Epifanio de los Santos Avenue, biasa disingkat EDSA, merupakan jalan arteri dan jalan tol yang penting di negara ini. Jalurnya melewati 6 dari 17 permukiman yang tersebar di kota Caloocan, Quezon, Mandaluyong, San Juan, Makati dan Pasay. Ini adalah jalan terpanjang dan terpadat yang berfungsi sebagai koridor utama utara-selatan di Manila Metropolitan. Otoritas setempat memperkirakan EDSA dilalui rata-rata 2,34 juta kendaraan setiap hari. Kecepatan rata-rata kendaraan di sini sekitar 10-20 kilometer per jam.

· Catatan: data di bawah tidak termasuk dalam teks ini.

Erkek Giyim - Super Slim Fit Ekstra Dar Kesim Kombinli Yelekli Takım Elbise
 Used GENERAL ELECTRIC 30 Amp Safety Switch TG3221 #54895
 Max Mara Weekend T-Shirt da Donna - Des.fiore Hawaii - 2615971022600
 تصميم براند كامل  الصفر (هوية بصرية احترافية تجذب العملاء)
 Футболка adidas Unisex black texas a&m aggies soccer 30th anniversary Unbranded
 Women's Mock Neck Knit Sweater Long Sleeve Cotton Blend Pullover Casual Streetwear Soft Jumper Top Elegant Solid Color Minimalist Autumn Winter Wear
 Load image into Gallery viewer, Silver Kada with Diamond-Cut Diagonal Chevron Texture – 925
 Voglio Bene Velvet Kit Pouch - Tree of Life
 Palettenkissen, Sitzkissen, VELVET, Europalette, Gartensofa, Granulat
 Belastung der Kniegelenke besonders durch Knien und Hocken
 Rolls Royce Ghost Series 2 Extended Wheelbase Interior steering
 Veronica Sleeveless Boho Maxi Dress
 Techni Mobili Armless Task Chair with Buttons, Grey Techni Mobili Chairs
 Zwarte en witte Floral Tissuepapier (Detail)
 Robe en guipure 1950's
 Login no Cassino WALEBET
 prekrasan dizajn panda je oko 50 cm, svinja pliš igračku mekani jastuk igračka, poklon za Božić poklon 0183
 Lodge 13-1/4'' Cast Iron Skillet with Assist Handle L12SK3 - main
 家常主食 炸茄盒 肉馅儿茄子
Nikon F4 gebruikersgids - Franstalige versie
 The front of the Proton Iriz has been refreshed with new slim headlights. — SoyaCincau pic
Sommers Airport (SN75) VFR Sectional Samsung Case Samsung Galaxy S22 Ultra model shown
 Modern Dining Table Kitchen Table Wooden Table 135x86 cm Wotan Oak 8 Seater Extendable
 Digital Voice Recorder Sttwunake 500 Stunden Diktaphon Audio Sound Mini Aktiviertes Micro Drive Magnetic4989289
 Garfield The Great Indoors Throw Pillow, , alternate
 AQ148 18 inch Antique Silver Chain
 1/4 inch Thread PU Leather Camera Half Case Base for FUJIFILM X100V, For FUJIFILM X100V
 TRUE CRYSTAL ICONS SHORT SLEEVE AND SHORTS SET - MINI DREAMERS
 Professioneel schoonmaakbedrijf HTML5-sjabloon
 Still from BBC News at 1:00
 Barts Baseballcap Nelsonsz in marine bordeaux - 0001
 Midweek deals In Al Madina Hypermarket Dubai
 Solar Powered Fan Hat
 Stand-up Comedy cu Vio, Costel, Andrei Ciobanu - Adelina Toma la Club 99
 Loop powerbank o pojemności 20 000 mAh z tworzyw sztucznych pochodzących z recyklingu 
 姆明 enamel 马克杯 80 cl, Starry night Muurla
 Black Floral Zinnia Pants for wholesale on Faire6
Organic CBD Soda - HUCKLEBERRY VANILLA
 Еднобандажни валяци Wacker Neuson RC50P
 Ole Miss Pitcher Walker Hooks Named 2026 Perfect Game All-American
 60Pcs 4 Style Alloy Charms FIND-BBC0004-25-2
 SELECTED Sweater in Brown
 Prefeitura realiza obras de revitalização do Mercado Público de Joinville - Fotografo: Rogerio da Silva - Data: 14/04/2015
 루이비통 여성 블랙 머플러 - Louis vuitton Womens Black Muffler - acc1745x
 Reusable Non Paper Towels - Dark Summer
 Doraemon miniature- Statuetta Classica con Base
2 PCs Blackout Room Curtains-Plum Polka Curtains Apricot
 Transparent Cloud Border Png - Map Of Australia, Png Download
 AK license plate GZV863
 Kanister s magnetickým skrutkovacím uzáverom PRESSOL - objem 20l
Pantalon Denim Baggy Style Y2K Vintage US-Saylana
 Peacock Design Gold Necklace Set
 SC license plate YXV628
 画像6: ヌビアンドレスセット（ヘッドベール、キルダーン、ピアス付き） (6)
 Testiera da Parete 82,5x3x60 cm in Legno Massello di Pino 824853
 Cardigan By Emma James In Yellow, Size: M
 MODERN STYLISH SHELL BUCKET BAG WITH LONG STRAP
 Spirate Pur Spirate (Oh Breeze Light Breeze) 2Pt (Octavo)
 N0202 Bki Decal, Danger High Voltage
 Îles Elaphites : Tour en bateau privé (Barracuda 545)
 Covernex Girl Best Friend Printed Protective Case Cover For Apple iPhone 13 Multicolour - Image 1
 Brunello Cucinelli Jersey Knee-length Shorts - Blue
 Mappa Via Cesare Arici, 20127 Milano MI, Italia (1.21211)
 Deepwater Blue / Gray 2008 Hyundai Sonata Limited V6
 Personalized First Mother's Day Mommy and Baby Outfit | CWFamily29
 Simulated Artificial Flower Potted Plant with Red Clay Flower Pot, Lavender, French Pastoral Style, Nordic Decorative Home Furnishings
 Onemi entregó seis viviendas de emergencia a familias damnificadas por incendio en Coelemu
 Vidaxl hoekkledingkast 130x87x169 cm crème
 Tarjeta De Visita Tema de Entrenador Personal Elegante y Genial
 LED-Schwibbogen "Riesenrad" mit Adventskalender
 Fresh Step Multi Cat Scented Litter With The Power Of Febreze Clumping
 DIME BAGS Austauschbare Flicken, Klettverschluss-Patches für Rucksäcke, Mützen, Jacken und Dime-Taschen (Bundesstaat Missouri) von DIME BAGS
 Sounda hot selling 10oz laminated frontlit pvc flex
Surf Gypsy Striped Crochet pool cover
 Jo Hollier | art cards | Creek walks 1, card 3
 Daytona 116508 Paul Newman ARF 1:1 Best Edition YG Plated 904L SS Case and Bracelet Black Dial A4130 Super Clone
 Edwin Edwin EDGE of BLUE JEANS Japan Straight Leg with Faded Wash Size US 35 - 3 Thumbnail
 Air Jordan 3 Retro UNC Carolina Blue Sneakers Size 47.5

Kepadatan inilah yang mendasari Metropolitan Manila Development Authority (MMDA) menerapkan kebijakan ganjil-genap; yang bahkan di jalan-jalan tertentu digabungkan dengan sistem pengkodean warna. Skema ganjil-genap diimplementasikan pada 07.00-19.00. Pengkodean warna diterapkan pada jam-jam sibuk, antara 07.00–10.00 dan 17.00–19.00.
Dalam skema ganjil-genap, kendaraan pribadi maupun umum dengan nomor pelat yang berakhir dengan 1, 3, 5, 7 dan 9 dilarang melintas pada hari Senin, Rabu dan Jumat, sementara yang 2, 4, 6, 8 dan 0 pada hari Selasa, Kamis dan Sabtu.
Pemilik mobil pribadi ramai-ramai menentang kebijakan ini. Kebanyakan dari mereka adalah kaum profesional yang bekerja di kawasan bisnis kota itu. ”Ini tidak fair. Pemilik kendaraan yang membayar pajak untuk membangun jalan dibatasi menggunakan jalan,” kata Elvira Medina, Presiden The National Council for Commuters Protection (NCCP), seperti dilansir abs-cbnnews.com.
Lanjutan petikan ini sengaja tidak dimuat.